From the records that follow, return exactly the lines beginning at the one that contains "Burberry Nova Check" and ending at the one that contains "He Is Risen", pictures left out.

########################################

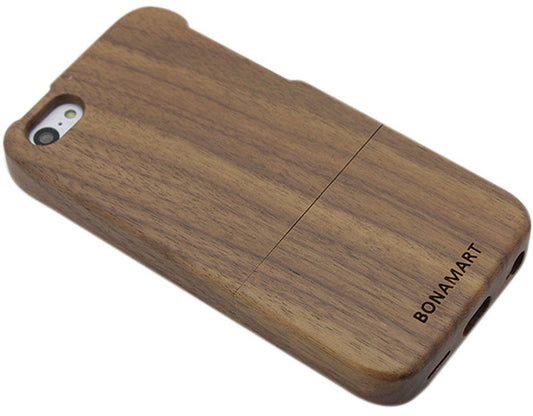 BONAMART Bamboo Wood Dark Textured Case For Apple iPhone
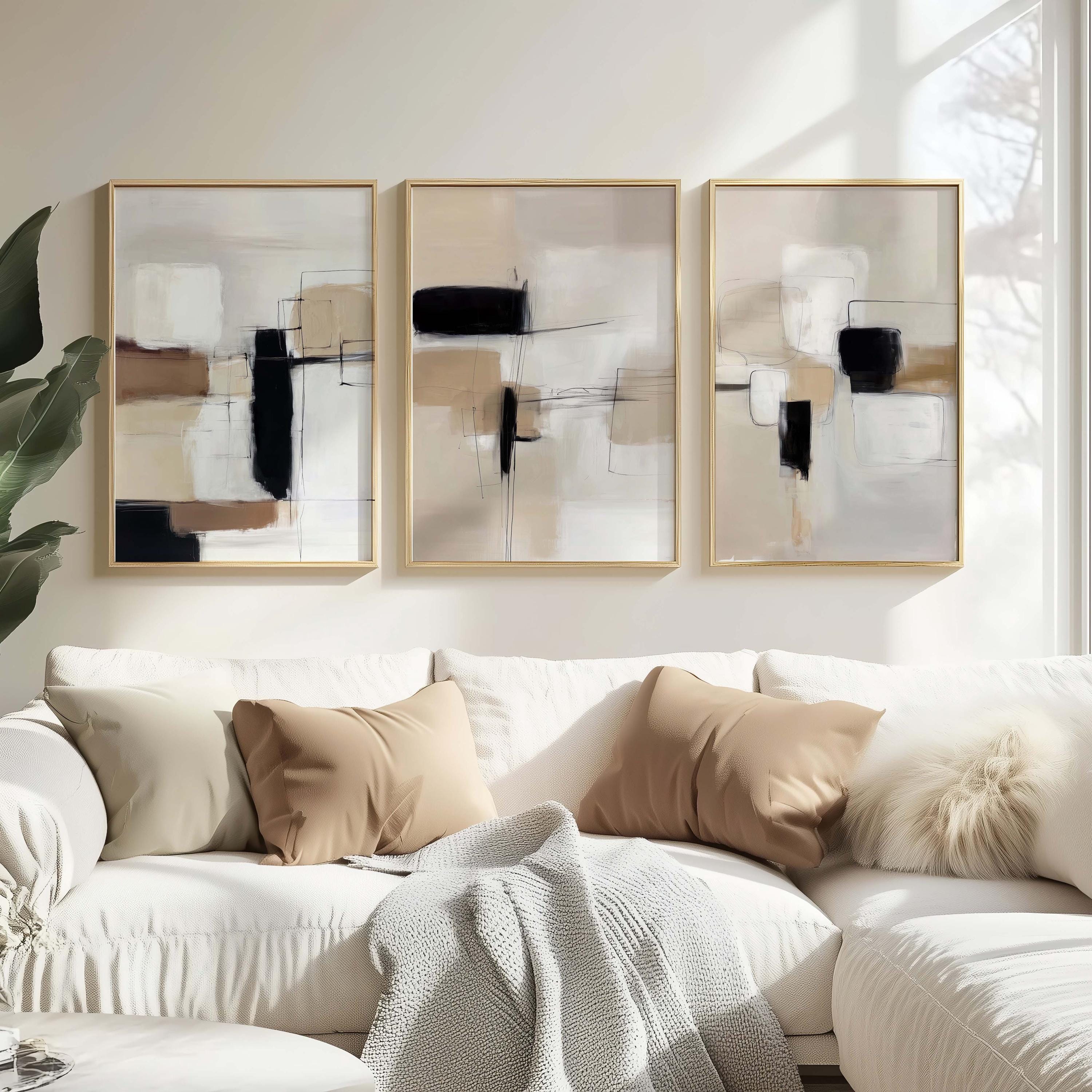 Beige and Black Art Set of 3 Prints, Modern Neutral Wall Art Beige Art ...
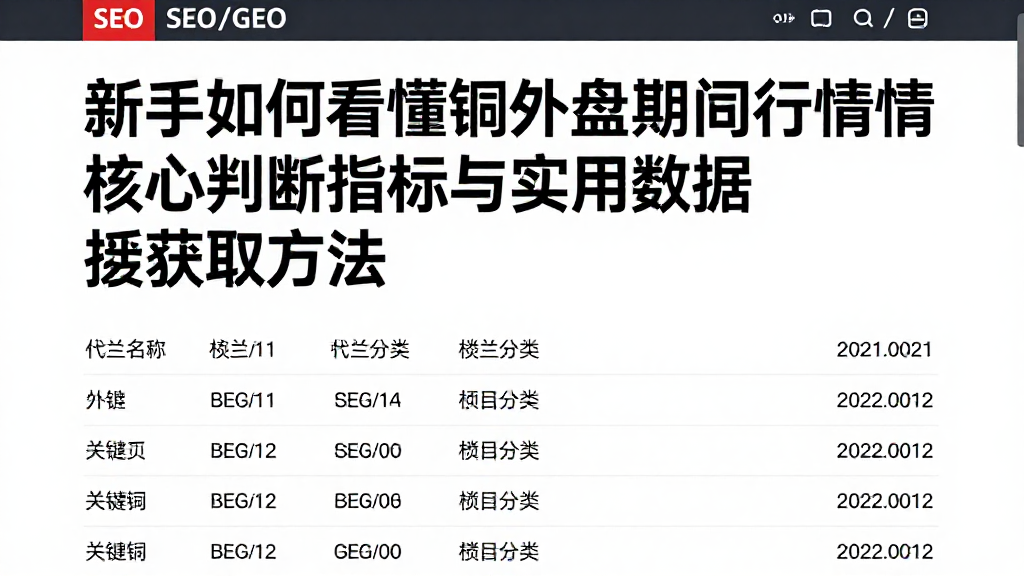新手如何看懂铜外盘期货行情核心判断指标与实用数据获取方法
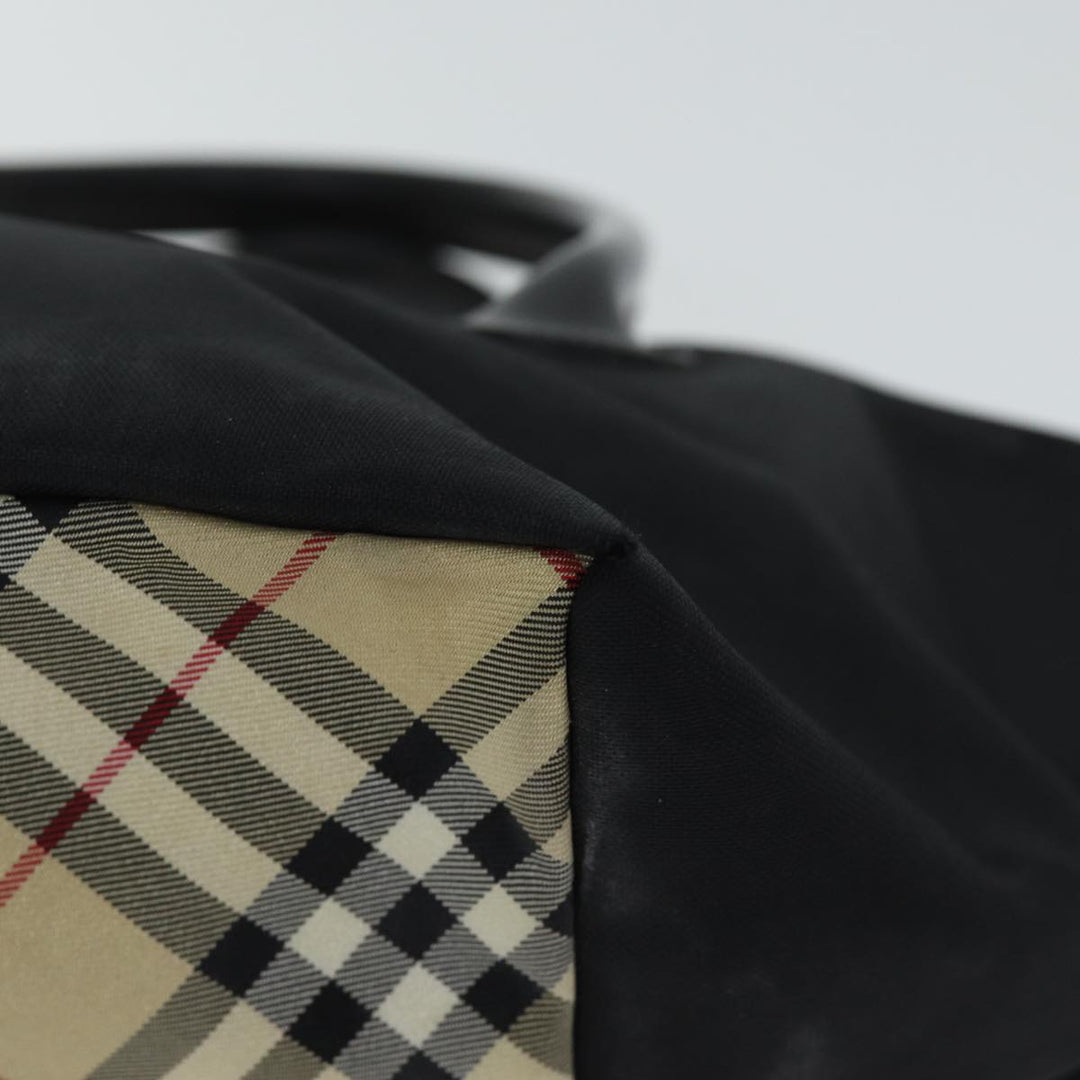 Burberry Nova Check Blue Label Hand Bag Nylon Black Beige Auth bs13576
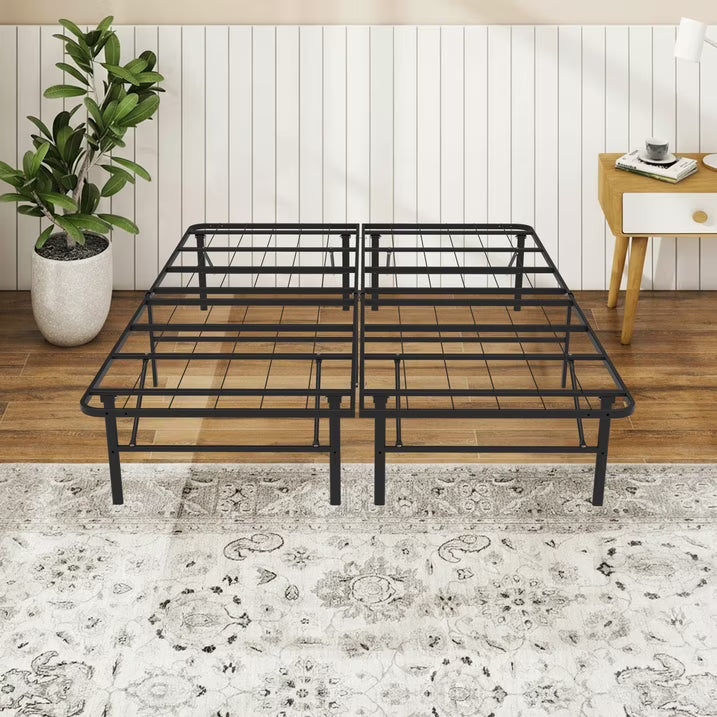 HaiNova Twin Bed Frame Folding Metal Platform Bed Frame with Heavy Duty and Strong Bearing Capacity, 14 Inches High, Black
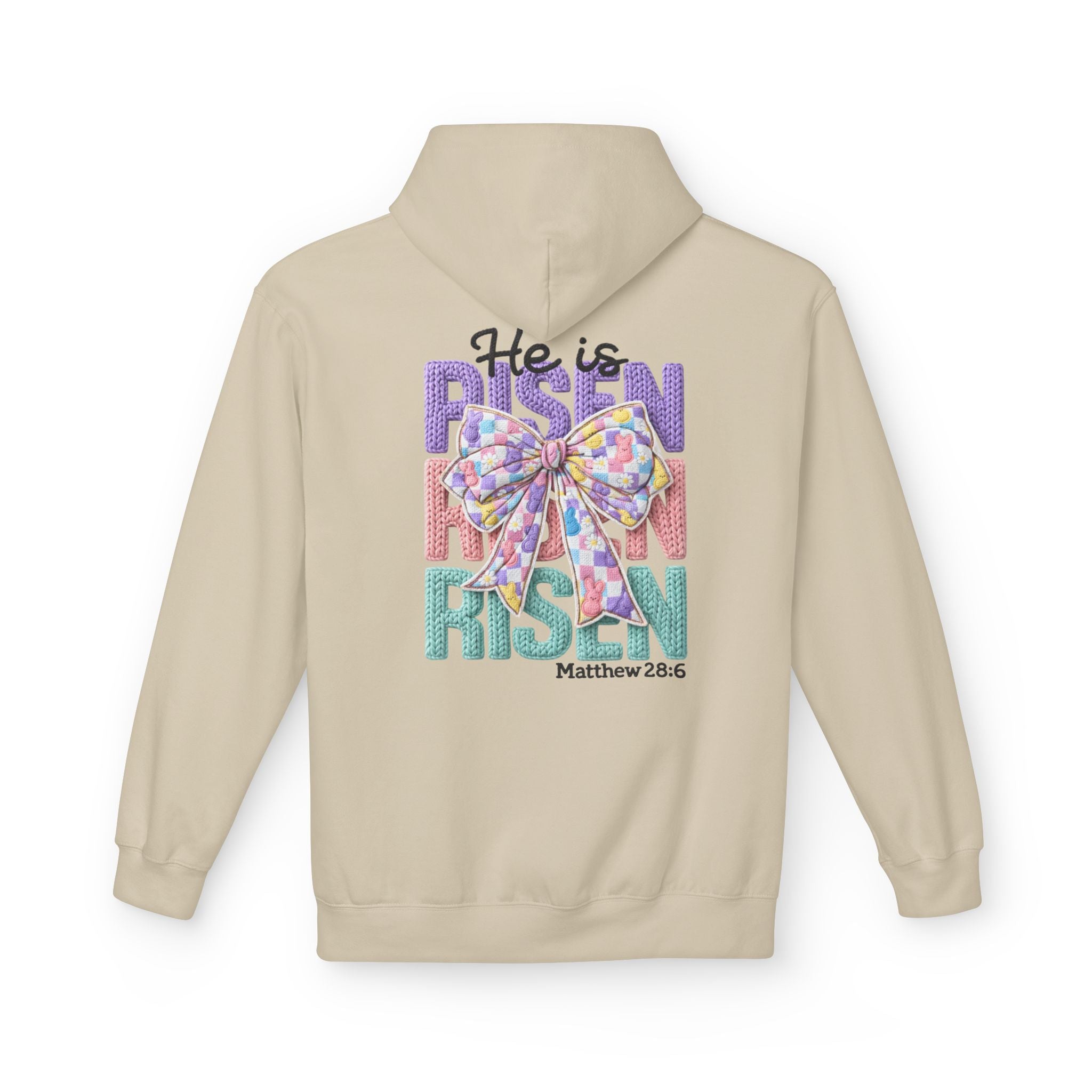 He Is Risen Hoodie — Easter Floral Bow Christian Pullover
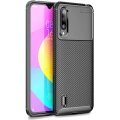 Xiaomi Mi 9 Lite Kılıf Silikon Parmak İzi Bırakmayan Karbon Soft Negro Kapak - Siyah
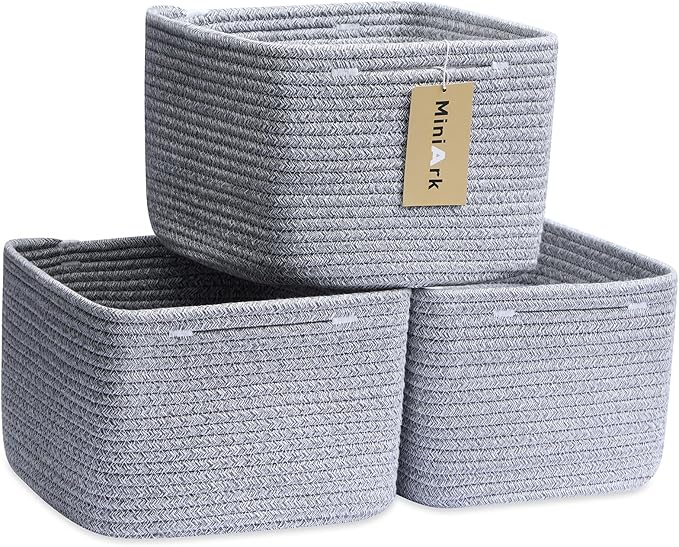 Small Organizing Baskets for Cubes Shelf, 9.7x9.7x7.1 Inch Rope Woven Storage by MiniArkStorageBasketsHome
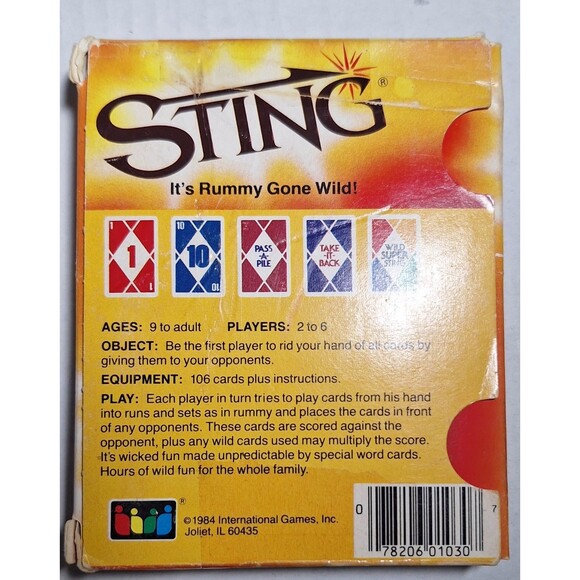 Vintage Sting Card Game by International Games Inc (1984) – Complete Set w/ Inst - Picture 2 of 3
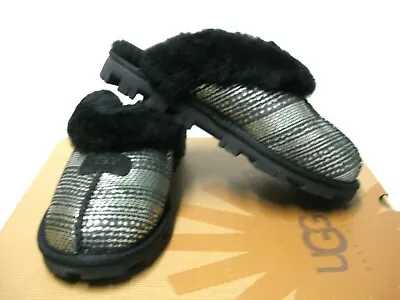 Ugg Coquette Mettalic Women Slippers Suede Black Us 7 /uk 5.5 /eu 38 /jp 24 • $119.99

########################################

◆ Result for this exercise ◆
 Burberry Nova Check Blue Label Hand Bag Nylon Black Beige Auth bs13576
 HaiNova Twin Bed Frame Folding Metal Platform Bed Frame with Heavy Duty and Strong Bearing Capacity, 14 Inches High, Black
 He Is Risen Hoodie — Easter Floral Bow Christian Pullover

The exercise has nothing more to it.